# The Bat



## Xenodyssey (Aug 27, 2008)

So, the Tumbler has had a long gestation. Hopefully we'll see it by the end of the year but after seeing Dark Knight Rises I REALLY would like a model of The Bat.

And I can see why Moebius are doing a separate model of the Batpod and Catwoman after watching the movie...


----------



## rowdylex (Jan 19, 2010)

I would love to see a model of this, great design.

On a side note - a very expensive replica is going to be made by Hot Toys:










This will be 1/6 scale, far too big to fit into our rooms, let alone getting past the wife. :tongue:


----------



## Xenodyssey (Aug 27, 2008)

If I can find some decent reference photos or even plans for it I'd try to do a scratchbuild. It is all flat faces.


----------



## BatToys (Feb 4, 2002)

Xenodyssey said:


> And I can see why Moebius are doing a separate model of the Batpod and Catwoman after watching the movie...

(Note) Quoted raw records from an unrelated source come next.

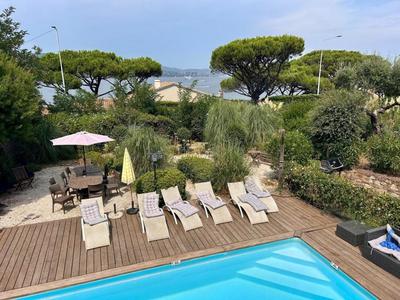 Maison - 200 m² - 6 pièces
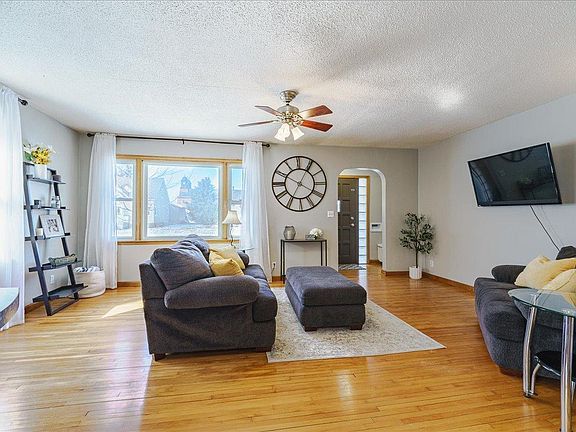 4th image of 107 Lincoln Ave N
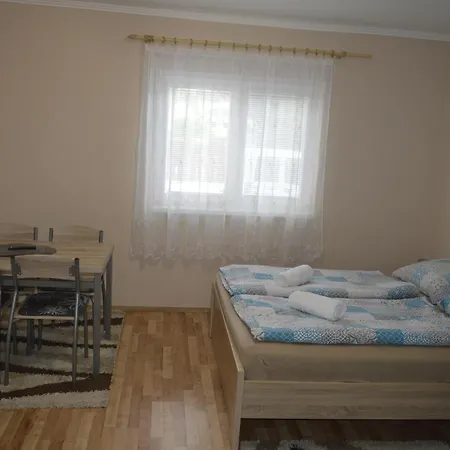 Karina Veľký Meder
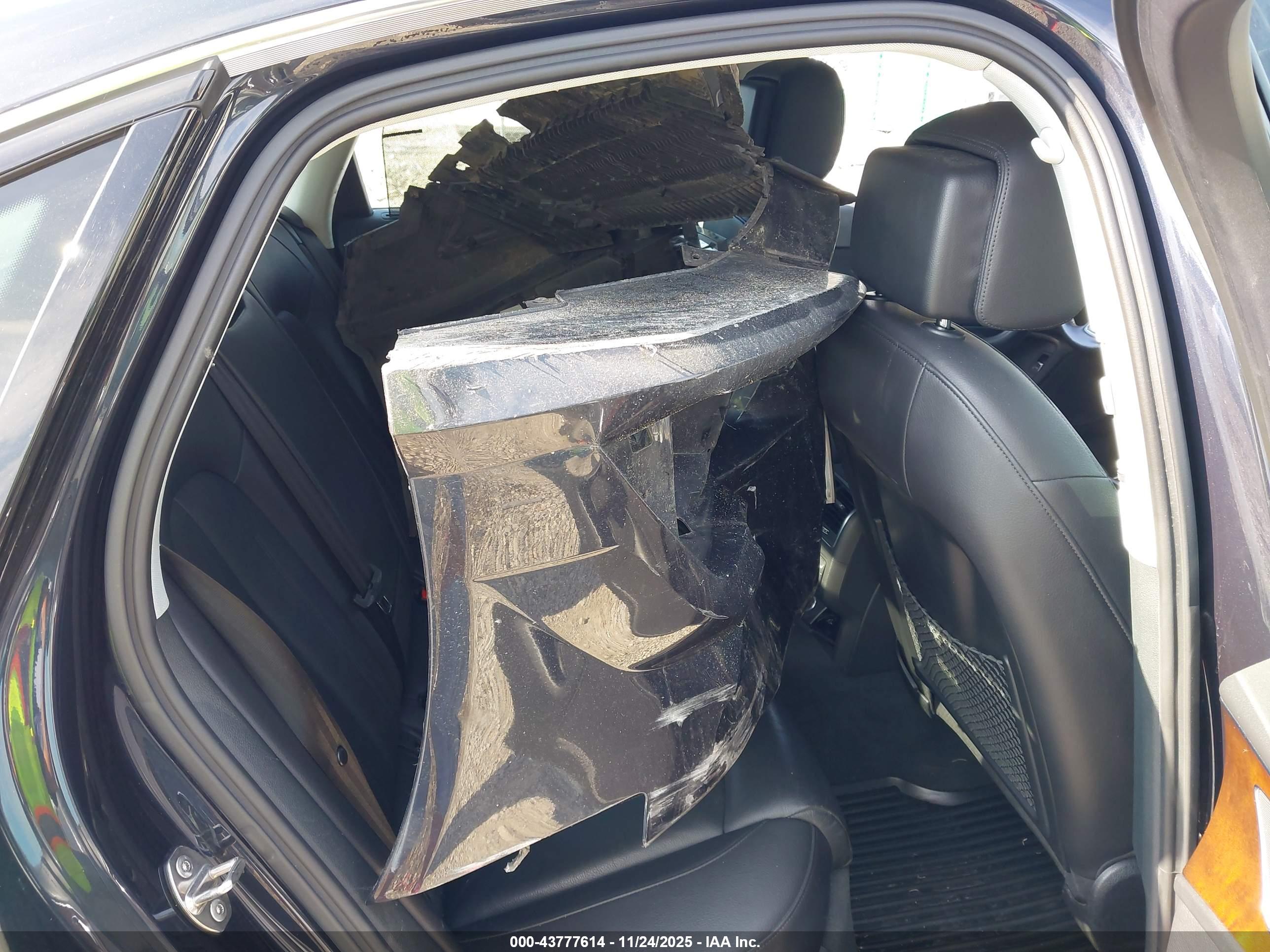 AUDI A6 image 8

I saw the movie but didn't understand what you meant. A seated Catwoman figure would be removable?


Loved Anne as Catwoman. She matched Julie Newmar.


----------



## Xenodyssey (Aug 27, 2008)

Moebius announced they would be doing a larger scale Batpod with a catwoman figure. I don't know if it would be removeable. I just surmised that after seeing how much screen time she spends riding the bike and it's importance in the story I could see why they decided to bring out a 2nd Batpod kit (with Catwoman).



BatToys said:


> I saw the movie but didn't understand what you meant. A seated Catwoman figure would be removable?
> 
> 
> Loved Anne as Catwoman. She matched Julie Newmar.


----------



## WEAPON X (Mar 5, 2006)

rowdylex said:


> I would love to see a model of this, great design.
> 
> On a side note - a very expensive replica is going to be made by Hot Toys:
> 
> ...


 

Hot Toy's 1/6 Scale "The BAT" at the Anicom 2012 Show!


----------



## JimPV (Apr 26, 2009)

I'd go for "The Bat" as well. Also want the tumbler. Hope we get an announcement soon for the latter.


----------